If people who are going to talk bollocks would kindly put this warning at the beginning rather than the end of their posts, they could save us the trouble of reading them. Thank you.


----------



## bicyclos (14 Apr 2012)

Do you have to ride on these particular roads with which puts the fear into you or is there an alternative route to make your experience more enjoyable? Some roads I avoid like the stink because of the aggresive attitude and bad driving I have encountered over the years. I have had to change my route to work which for me now is a pleasure to cycle and I really enjoy it. I nearly gave up cycling altogether as 5/6yrs ago was the last straw on my old route when an 18t wagon just pulled out of a junction into my path, I saw it coming at the last second and pushed myself away from the vehicle with my left hand on the grill and managed to push myself away. Cars and vans dont bother me as such but its the big boys of the road which I am more cautious and weary of. Don't let the above put you off, Its not all doom and gloom.

My yearly mileage on the road isnt fantastic by a long straw compared to most people on here as I use my bikes for commuting to work and a lot of escapism cycling, the only other alternative I have to get to work and back is two buses or walk. For my amount of time spent on the road the chances of bad encounters are a lot less than a roadie who is going to spend alot more time on the road. I would never have given up cycling for good as it's in my blood I would have ended up doing more of the rough-stuff..


----------



## growingvegetables (14 Apr 2012)

RideLikeTheStig said:


> done my head in so I sounded the horn and made a rude gesture at him!

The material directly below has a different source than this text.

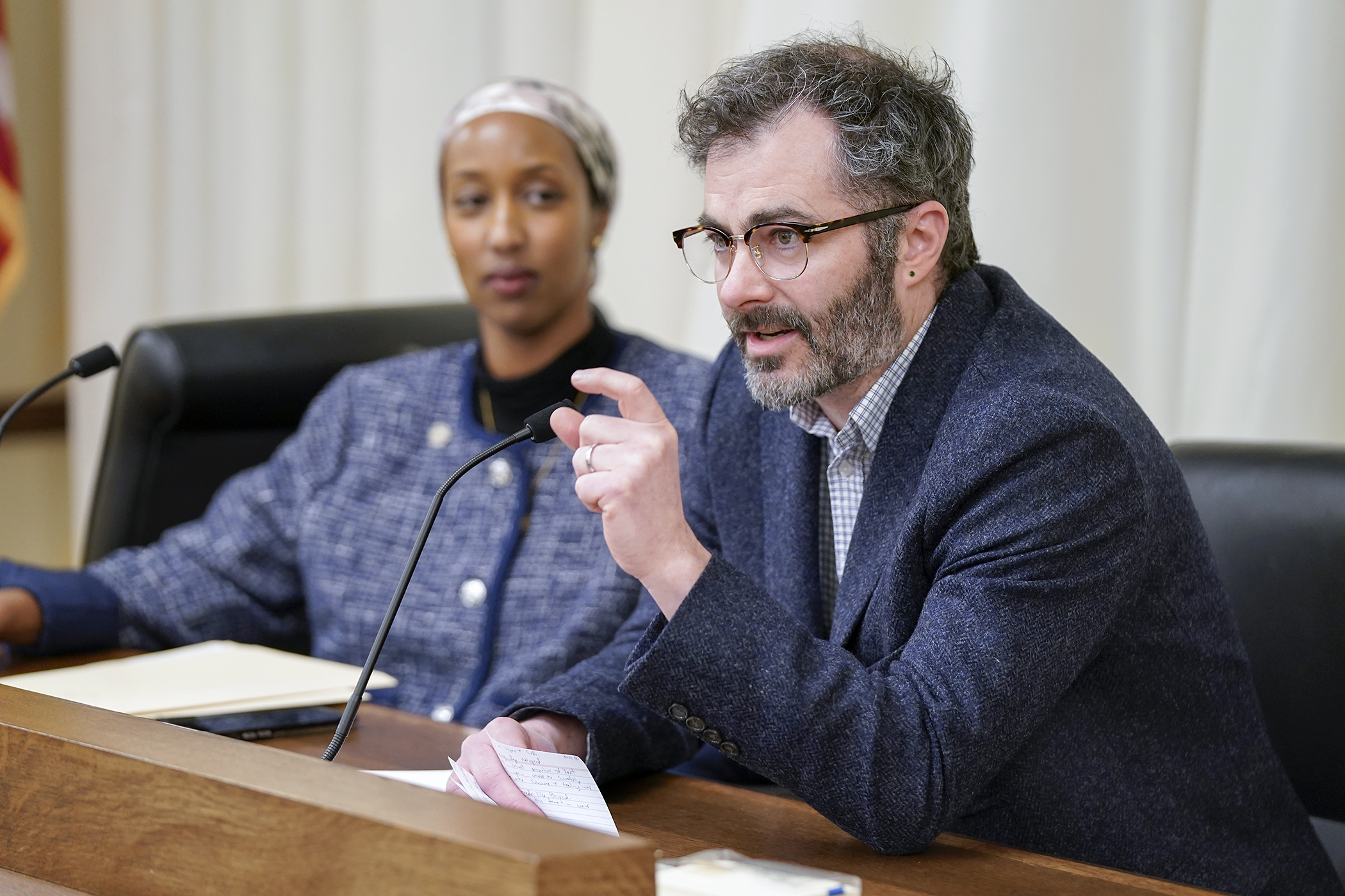 Dr. Ryan Kelly testifies Feb. 23 before the House Health Finance and Policy Committee in support of HF3444 that would prohibit prior authorization for opioid use disorder treatment. The bill is sponsored by Rep. Anquam Mahamoud. (Photo by Michele Jokinen)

Ah - such a pearl of wisdom, cast before swine, so utterly wasted on us.


----------



## Brandane (14 Apr 2012)

Surely this subject all depends on what type of "roads" people are cycling on? It's all very well for people who spend all their time cycling on pleasant B roads out in the country to claim that it is all nicey nicey and perfectly safe. I just spent the last 2 days doing road rides around the Solway Firth and it was heaven. Very little traffic apart from the odd tractor or lost tourist.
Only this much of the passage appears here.